Sundercastle. Newland. Let’s face it, they could even rope in Middlesboro and call themselves Sundercastle Boro. Build one giant stadium in the middle of all of them and you’re onto a serious winner. We know the fans in the north-east are brilliant. St James’s Park was packed even when Newcastle languished in the lower divisions. Add the Mackems and the Boro boys and you’ve immediately multiplied your fan base by quite a lot indeed.
‘What about the rivalry?’, I hear you cry. ‘How can fans who sing songs about cutting each other up into pieces with machetes and feasting on their remains put all that to one side?’.
I admit, it won’t be easy, but it can be done. If protestors and catholics can live in peace and harmony in Northern Ireland then why can’t Newcastle and Sunderland fans become one behind a team which is in the Champions League every season? It might take a generation or two but after Sundercastle Boro have won the league for the fifth consecutive season and when the management team of Kevin Keegan and Don Hutchison are being held aloft at the Greggs Angel of the North Stadium will anybody be complaining? I don’t think so.

Ian Rush scores for Everton!
And this really is something other teams in other cities should be looking at, hard as it might be to stomach. The financial realities of the modern game are such that a club like Barcelona, which has won almost every trophy it competed for in the last few years, has to borrow money to pay its cleaning ladies and players. So what about a club like Liverpool which, despite its rich history, hasn’t won the league since 1990. That’s nine years before Prince.
Wouldn’t the combined Scouse power of Liverton or Everpool give those fans a better chance of enjoying some success instead of mid-table mediocrity. How can you reasonably expect people in this day and age, when times are so tight, to keep going to games and paying good money to watch a team which cannot possibly win the competition they’re in? Fans are loyal but only to a point. Real fans aren’t content with 11 guys just turning up, real fans demand success and trophies.

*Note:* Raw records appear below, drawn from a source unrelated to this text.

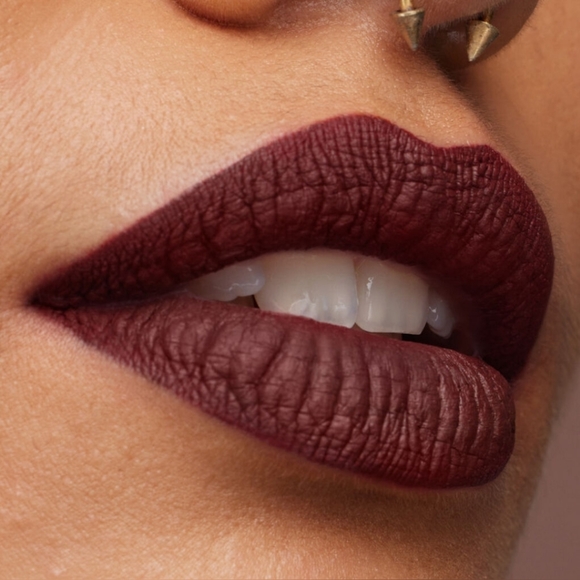 Liquid Matte Ultra-Comfort Transfer-Proof | First Class | Huda Beauty - Picture 4 of 16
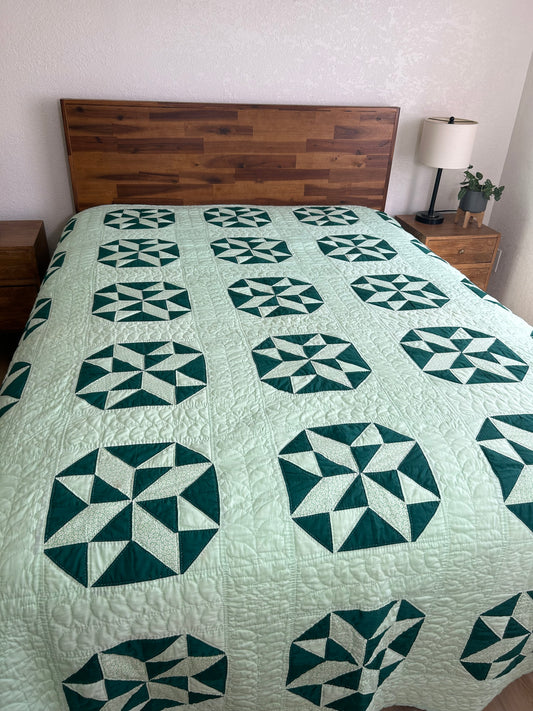 Vintage Amish Pinwheel Quilt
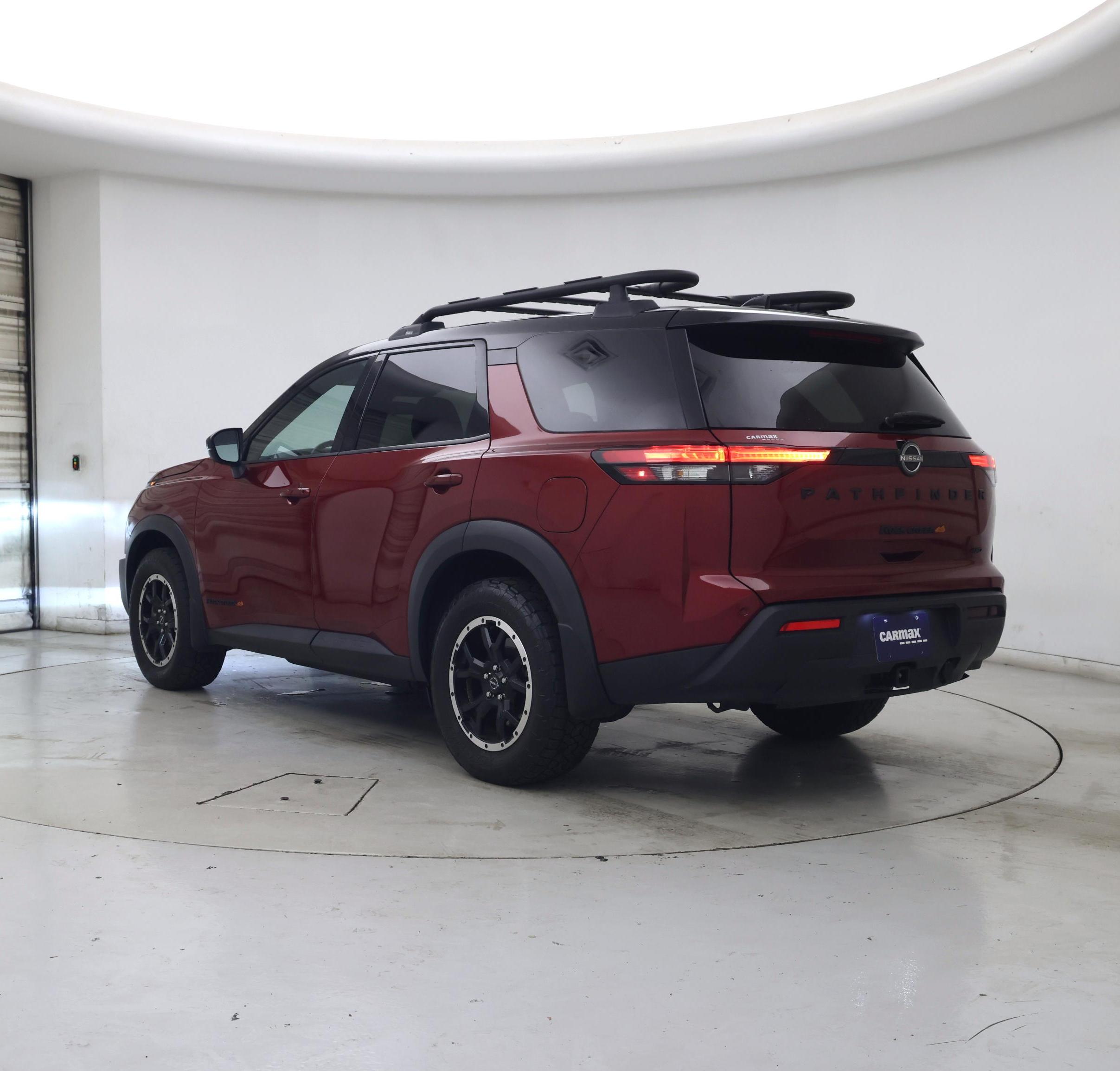 Thumbnail: 2024 Nissan Pathfinder - 2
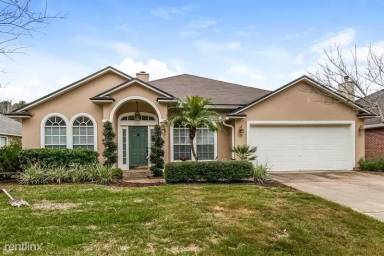 Main picture of 809 W Cumberland Ct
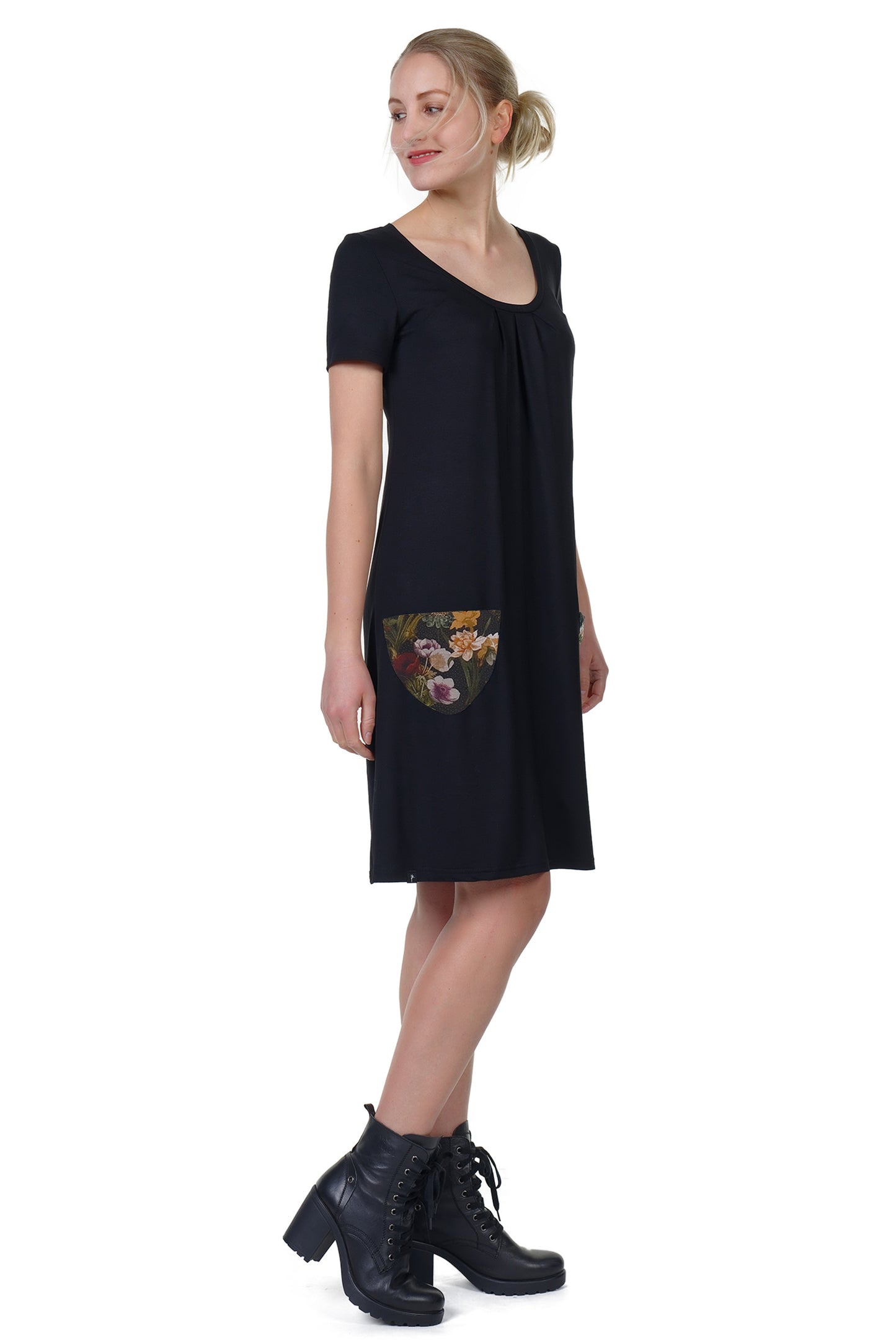 Lottikleid schwarz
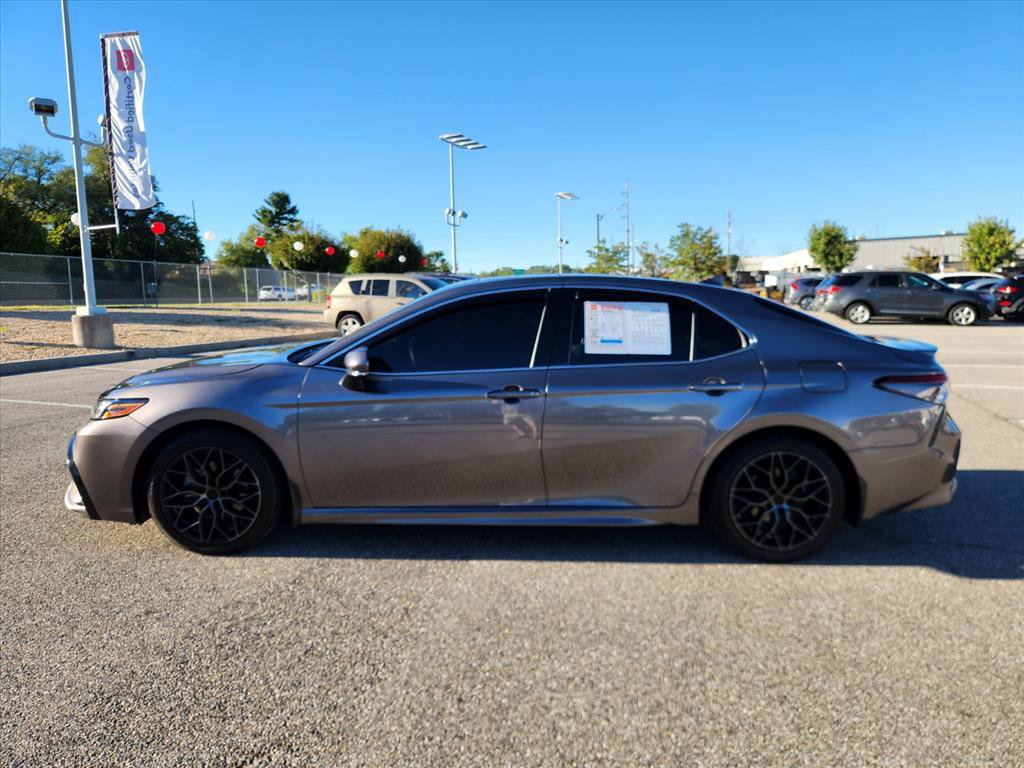 Used 2024 Toyota Camry XSE w/ Cold Weather Package FWD image 8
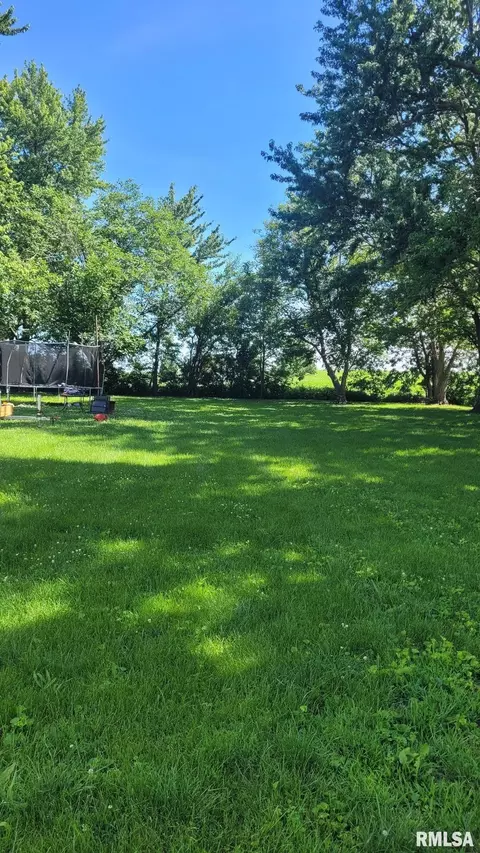Exterior - 205-207 W Perkins St, Payson, IL 62360 photo 1 of 8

Birmingham Villa. West Ham Hotspur. Close neighbours like Watford and Luton could become the Wuton Clan. Even the south-coast would be better with one good team, a Porthampton perhaps, than two teams who simply can’t survive in the modern game and are forced to play YTS lads who bring you nothing but relegation. It’s just common sense and I’m told that quite a few Premier League chairmen have discussed this very thing over secret lunches in the Dorchester.
I know this idea is sure to be unpopular. Fans are tribal. But when two tribes go to war a point is all that can you score.
Wouldn’t one tribe and three points be a much better idea?